Joachim Brohm: Places and Edges
Private view: Thursday 21 March 2013, 7 - 9 pm
Exhibition: 22 March - 11 May 2013
Brancolini Grimaldi announces the first ever UK solo exhibition by leading German photographer Joachim Brohm. The exhibition will feature work from throughout Brohm’s 30 year career, from early series including Ruhr (1980 – 1983) and Ohio (1983-84) through to more recent projects such as Culatra (2008 – 2010).
Joachim Brohm rose to prominence in the early 1980s and was among the first Europeans of his generation to recognise the artistic power of American photographers including William Eggleston, Robert Adams and Stephen Shore. He was also one of the first photographers in Europe to shoot exclusively in colour starting in the late 1970s, connecting the visual possibilities of colour photography with a newly defined “everyday cultural landscape.” At the same time, Brohm’s sequences of photographs show how important the medium and the artist’s archive have become as reflectors of our day-to-day existence, challenging him to keep developing and reviewing them in the light of changes to the reality of our lives.
Culatra (2008 – 2010), forms the main focus of the exhibition. Culatra is a small, scarcely populated Portugese island on the edge of Europe, unspectacular but exotic in many ways, where solid houses sit next to shoddily built shacks. Brohm has created an archive of the island focusing on its inventory – boats, tractors, shacks, backyards, facades and more, many of which are removed from their original function and context. And despite the beautiful white sand and blue skies, the island looks almost deserted, adding to its sense of abandonment and desolation.
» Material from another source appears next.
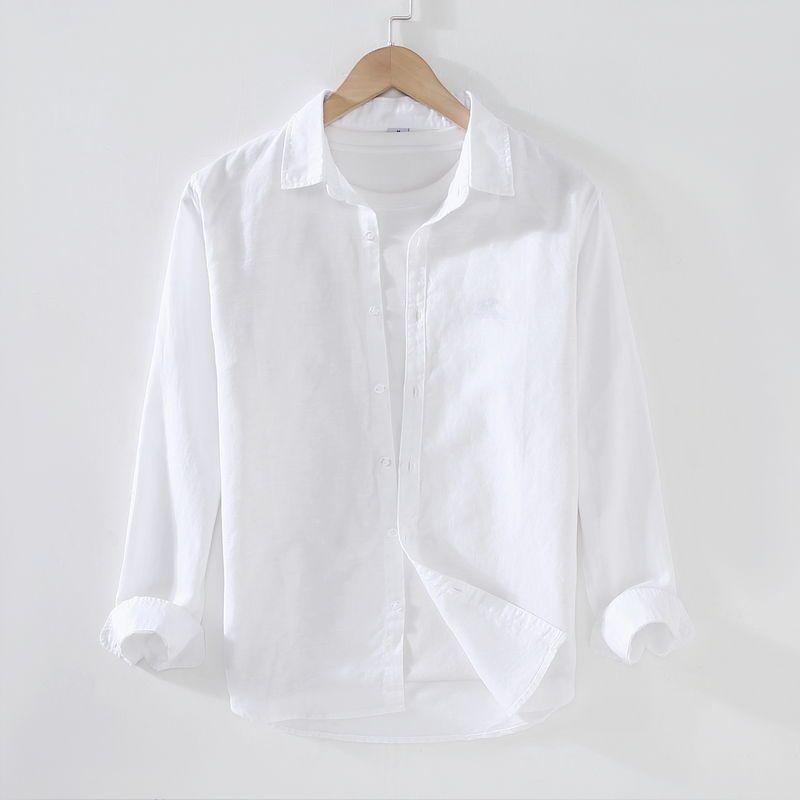 Men's Casual Long-Sleeve White Linen Shirt - Lightweight, Trendy Spring/Summer Top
Brohm’s pictures confront all this with a vantage point that shifts between overview and detail, distance and closeness. They reveal the hidden inner riches of the imagery of the banal.
In his early series Ruhr (1980 – 1983), we see different types of landscapes in the Ruhr region of Germany, an area undergoing huge change during a process of de-industrialization. Brohm turns his gaze on the edges of urban life, where existence tends to have a rural feel, where shopping-centres and small business zones have established themselves. The erratic settlement of the landscape where the cities burst out of their central structure is one of the interests with which Brohm anticipates the discussion of the 'urbanization of the landscape', which only developed around 1990. An elevated camera position is a constant feature in the composition of these pictures, so that we mostly see a larger segment of the landscape stretching out below us. People seem safely at home in it. This familiar, everyday ambience assumes a form of quiet monumentality.
In Ohio (1983-84), made by Brohm during a year long stay as a Fulbright-Scholar in the American city of Columbus, he captures aspects of an urban America not specific to any locale. Both familiarly American (the gas stations, the types of cars, the shops), and unfamiliar (from a car on fire to a deserted drive) Brohm is never trying to show us a documentary representation of reality. Rather these images give us a concept of America at the beginning of Ronald Reagan's presidency depicting the transience of the American dream and the alienation and isolation related to it.
Throughout his career, Brohm’s work has explored the edges of places as he has sought to capture the on-going and perpetual changes happening in society and how they affect both the landscape and the people in it. It is in the hinterlands, the in-between places, where Brohm finds unexpected moments of hidden poetry, where neglect and decay become an expression of society and emphasise the temporary beauty of much that surrounds us.